• What this task involves: Pictures do not belong in the copy. Write out exactly the lines from the one containing "3-6-5.shop Distressed Patchwork" through the end of the data.

• Dataset excerpt:
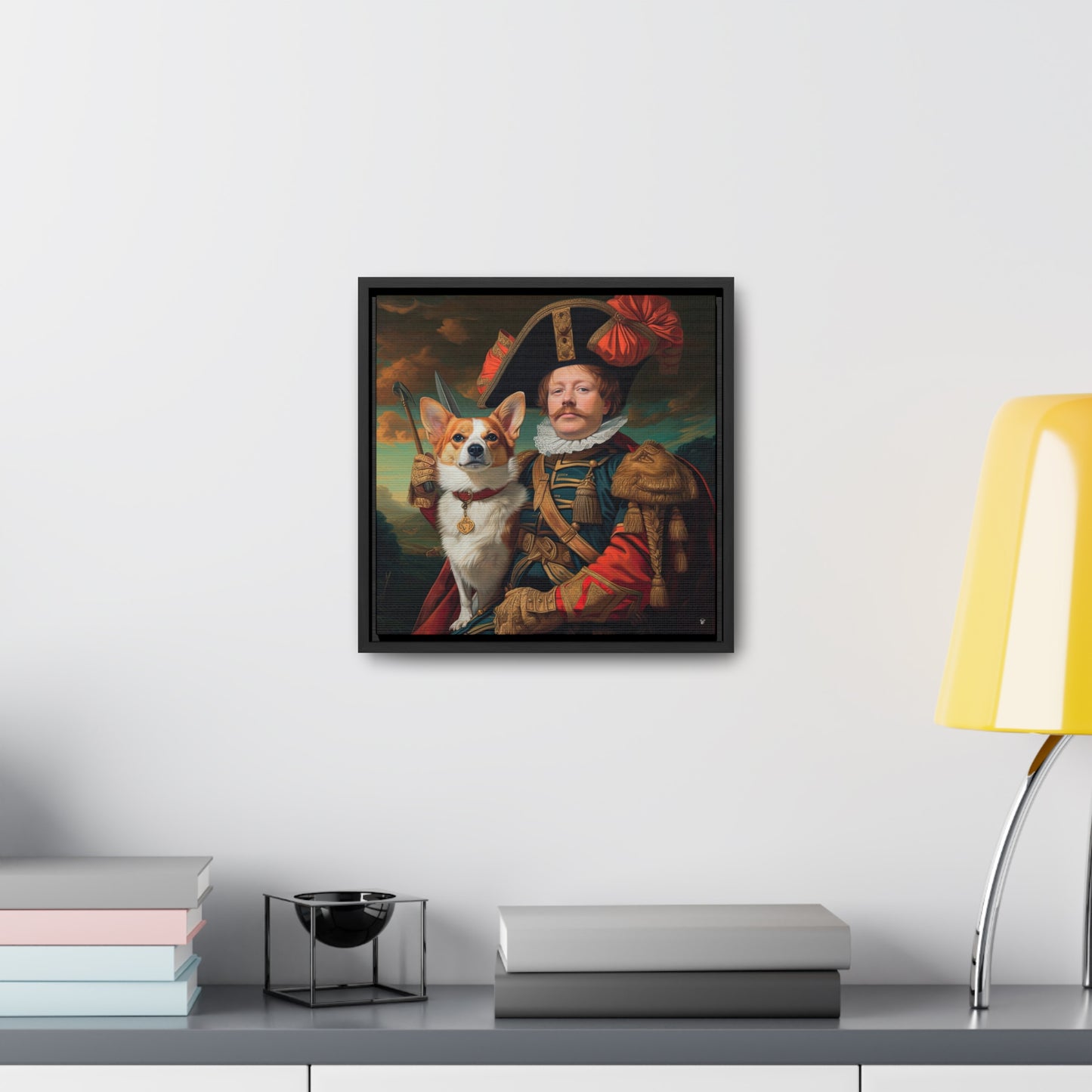 First Royal Corgi - Framed on Canvas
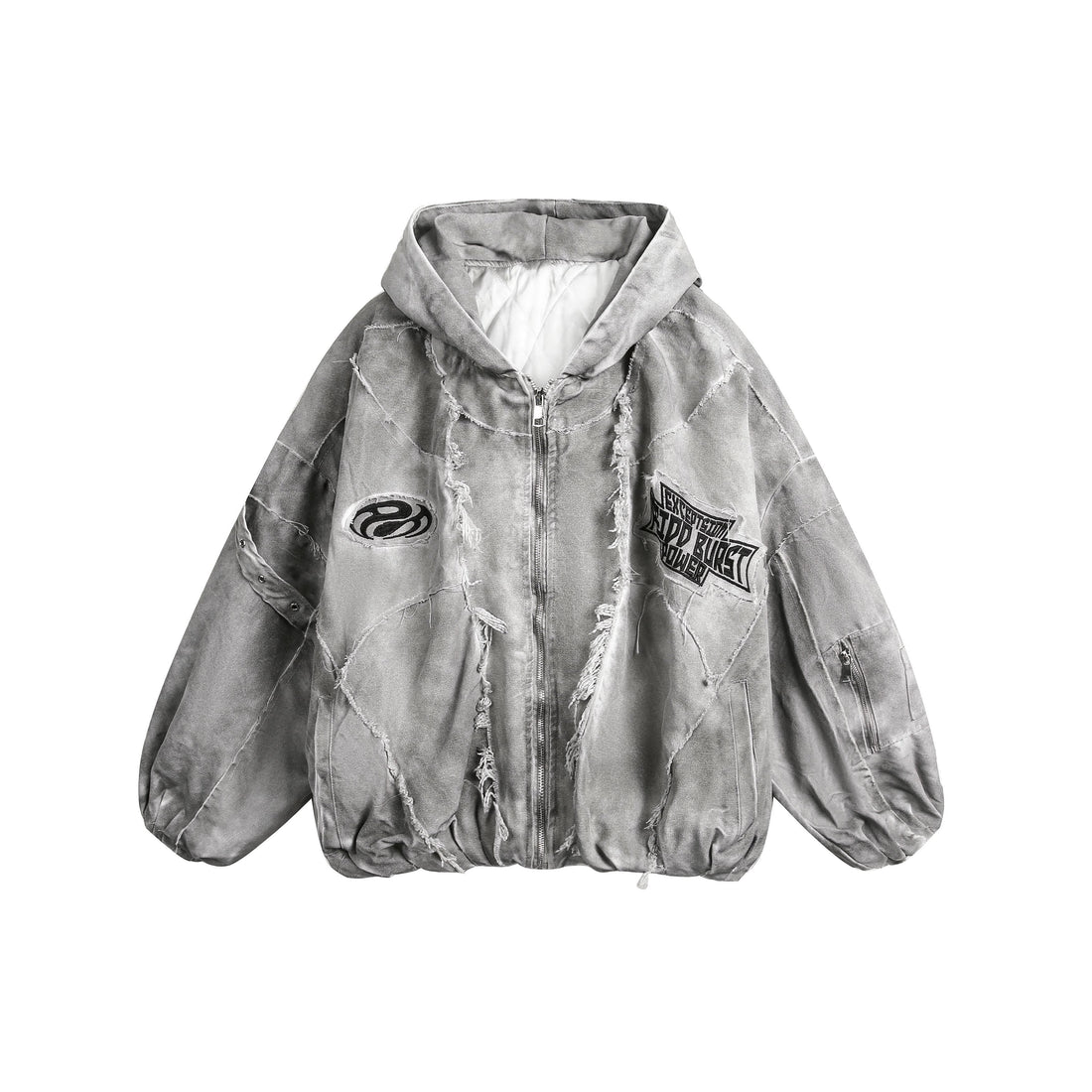 3-6-5.shop Distressed Patchwork Hoodie Jacket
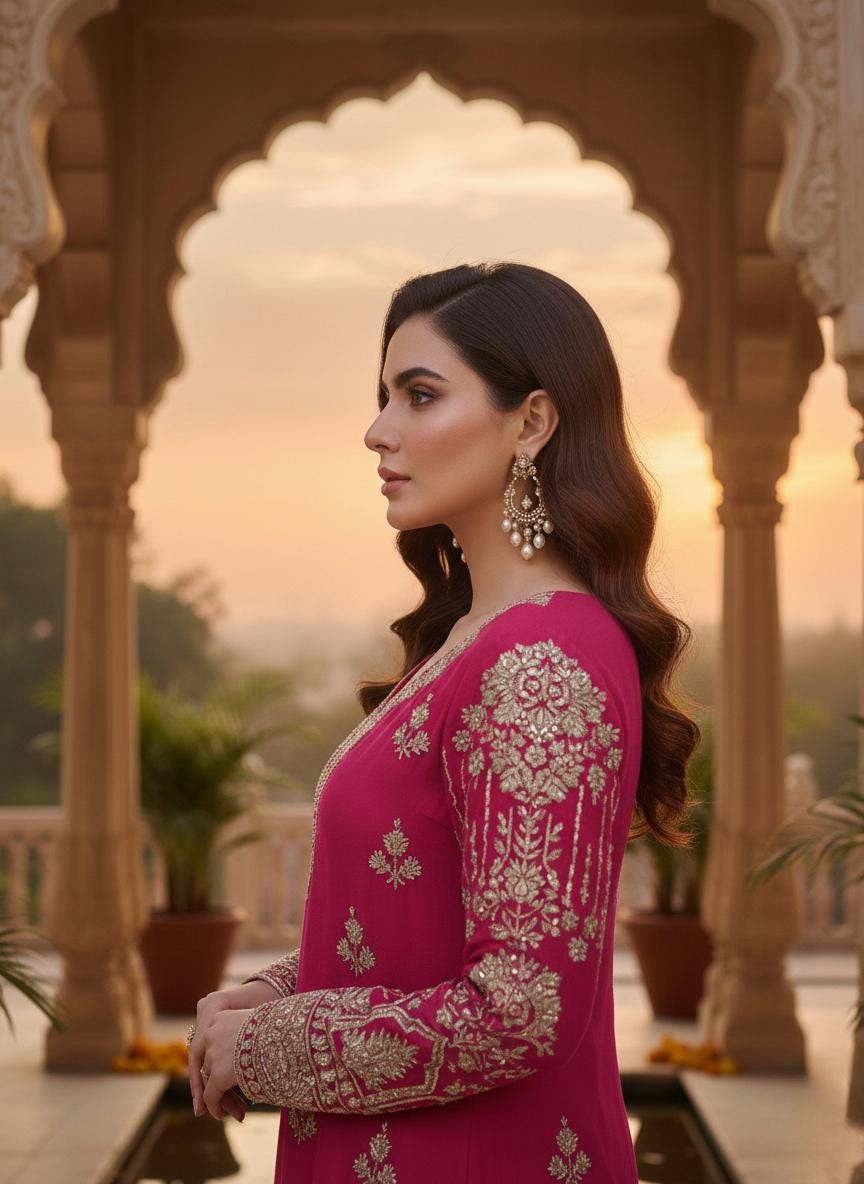 Designer Pink Embroidered Fox Georgette Palazzo Suit with Dupatta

• Worked solution:
 3-6-5.shop Distressed Patchwork Hoodie Jacket
 Designer Pink Embroidered Fox Georgette Palazzo Suit with Dupatta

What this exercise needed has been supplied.